My Lords, I welcome this report and commend the work and conclusions of the committee and the opening speeches by the noble and learned Lord, Lord Saville, and the noble Lord, Lord Hain.

I will speak about “failure to prevent” offences generally, but before that will speak briefly on the lack of clarity about what is meant by procedures being “adequate” for preventing bribery. This was brought about by the subsequently enacted tax facilitation offences using the alternative phrase “reasonable in all circumstances”. This is despite that having been dismissed in the Bribery Act debate as too high a standard by referring to “all circumstances”. In that context “adequate” was thought to be a lower bar. Certainly, if I congratulated a fictitious noble Lord on their “adequate speech”, it may not be taken as altogether complimentary.

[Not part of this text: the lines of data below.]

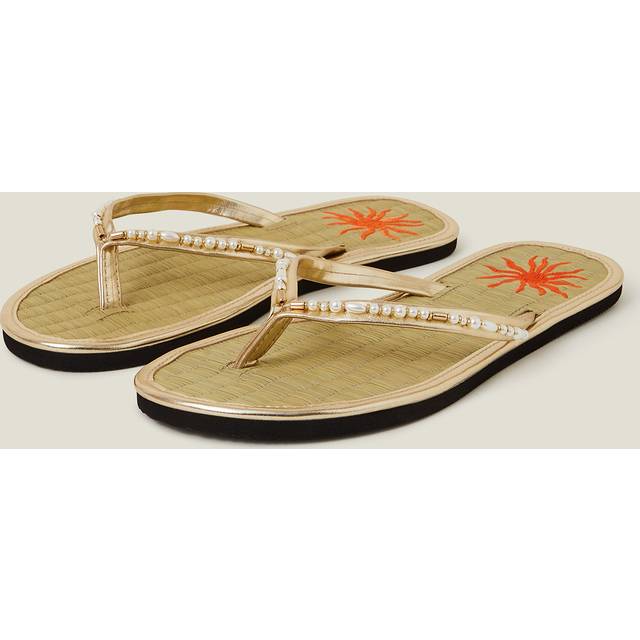Sun Embroidered Seagrass Flip Flops Gold, Size: S - Accessorize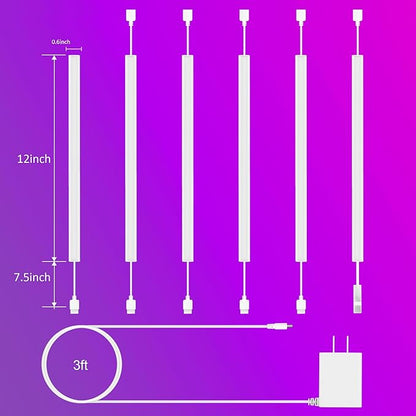 6 Pcs RGB Under Cabinet Lights Kit, Smart App and Remote Control Under Cabinet Lighting, Dimmable Under Counter Lights for Kitchen, Plug in LED Lights Bar for Cabinet, Counter, Workbench, Desk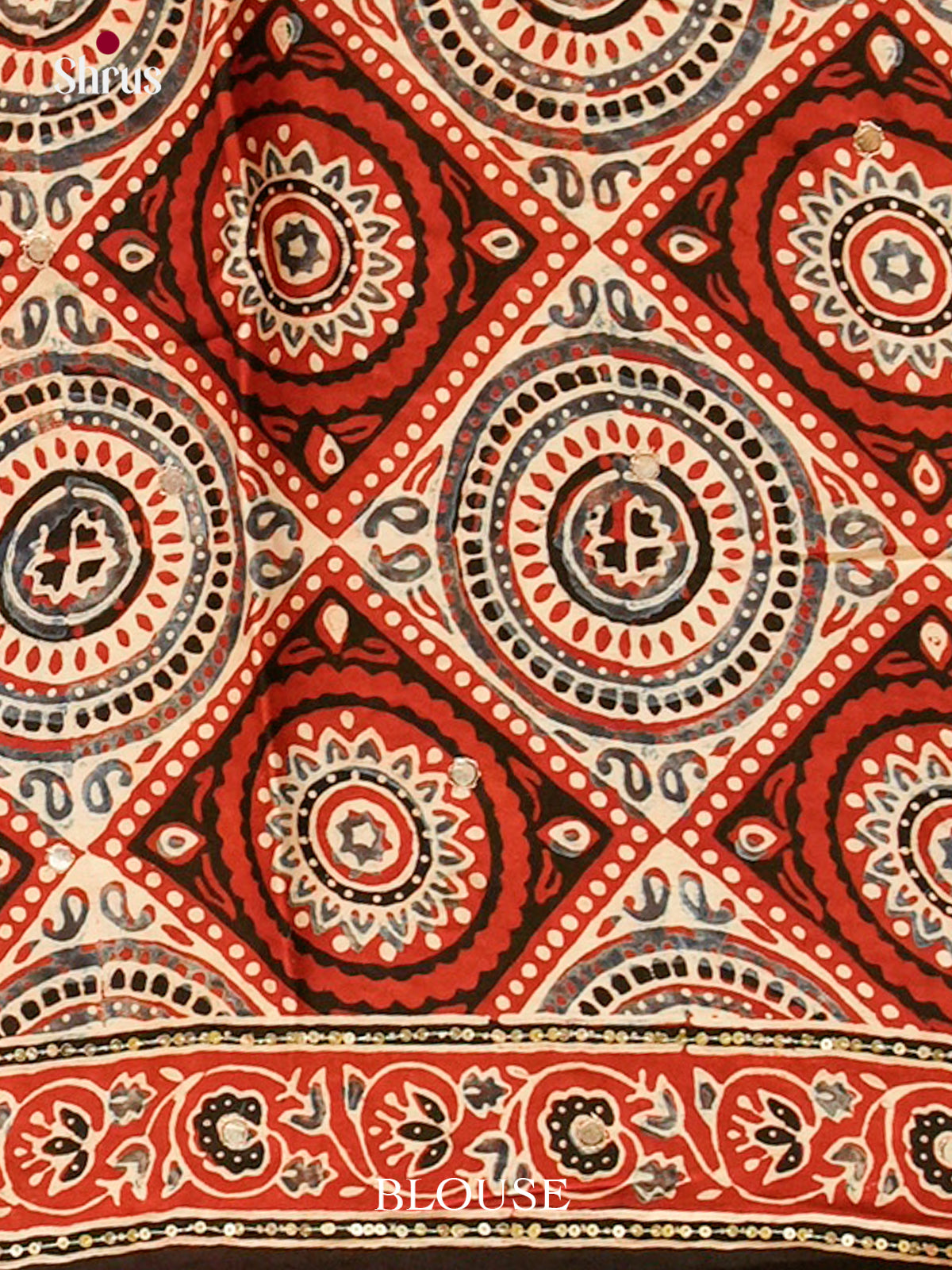 Red Modal Silk Saree — Ajrakh Hand Block Print — EGS01049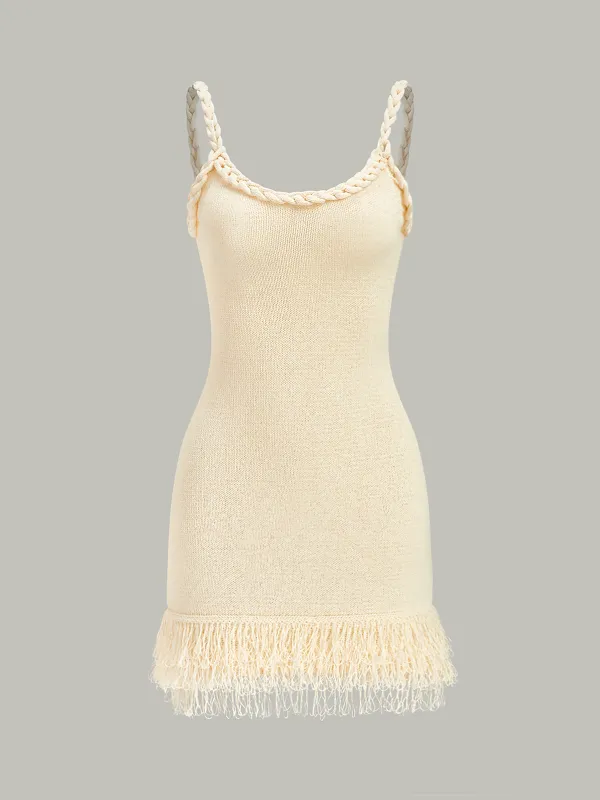 Braided Rope Strap Fringe Hem Sweater Dress sold by COMMENSE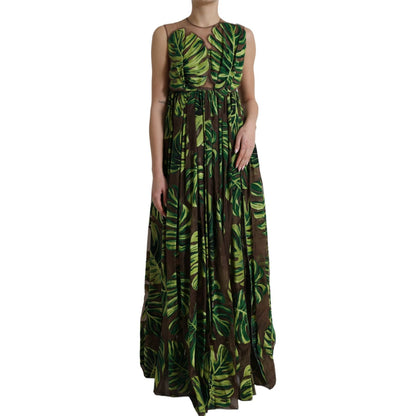 Dolce & Gabbana Green Banana Leaf Sleeveless Long Maxi Dress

Others switched the emphasis around so that, looking after the event, the bar is suddenly higher because procedures had failed and must therefore be inadequate. I am comforted that a senior judge said that he would have accepted them as both meaning the same had it been presented to him, but clarification on what is intended is desirable for both purposes.

I have mentioned the two “failure to prevent” offences and the reason for their existence is to strengthen the prospect of finding responsible parties guilty—which is very difficult because of the need to find a directing mind, and is tantamount to impossible with the board structures of large firms. Therefore, I welcome the point made in paragraph 109 that there are arguments to make corporations vicariously liable more generally, even though there is not a recommendation due to the inquiry’s scope.

It is some time since the Ministry of Justice made a call for evidence on corporate liability—to which I made a submission—and, after a long delay, the response is that there was not a sufficient evidence base on which to base reform. It has been sent off for lengthy procedures in the Law Commission, which already said in its 2010 paper on Criminal Liability in Regulatory Contexts that

“the identification doctrine can make it impossibly difficult for prosecutors to find companies guilty of some … crimes, especially large companies”,

and in its 2019 paper on suspicious activity reports that

“The identification doctrine can provide an incentive for companies to operate with devolved structures in order to protect directors and senior management from liability.”

Regrettably, I do not believe that the department has any heart to follow through on the Prime Minister’s call for action in 2016 and the good start shown by the Bribery Act. The only reason I can imagine for that squeamishness is that somehow it thinks it is a competitive advantage to shield directors in a way that they are not shielded elsewhere, such as in the United States.

A read of the call for evidence background document gives a good exposition of how bad matters are and many of the reasons why evidence of failures in prosecutions is relatively scant—because prosecutors know they cannot succeed against large companies and give up, unless sector-specific legislation has been introduced such as the “failure to prevent” regimes or the now systematically compromised financial services senior managers’ regime.

The current common law “directing mind” principle, first expounded in 1915, is unfairly discriminating to small businesses. The Crown Prosecution Service’s legal guidance, under “Further Evidential Considerations”, states:

“The smaller the corporation, the more likely it will be that guilty knowledge can be attributed to the controlling officer and therefore to the company itself.”


Given the general guidance for prosecution that there must be a “realistic prospect of conviction”, no wonder evidence is scant and statistics show a preponderance of prosecutions against small companies.

How can that unfairness be left to stand? What does it say about the culture of our country and why people feel left out? While acknowledging the fact of wrongdoing, people nevertheless rightly resent there being one law for the big and another for the small. Dancing-on-pins excuses do not cut that.

Civil law developed to take account of the complexity of modern companies, but not criminal law. Civil law is not enough: the ultimate deterrent of deprivation of liberty cannot apply to corporations, and in the end it does not apply to directors in large corporations. Culture will not change until it does, and the UK being “a good place to do business” is a tainted phrase—maybe even a loaded phrase. Surely directors should be required to ensure systems to prevent all bad corporate behaviour. Only then will action make its way to the boardroom, rather than be kept away in the safety of the executive committee or below.

But if the ministry is reluctant—whatever the cause—will it at least not stand in the way of further sectoral facilitation of crime measures?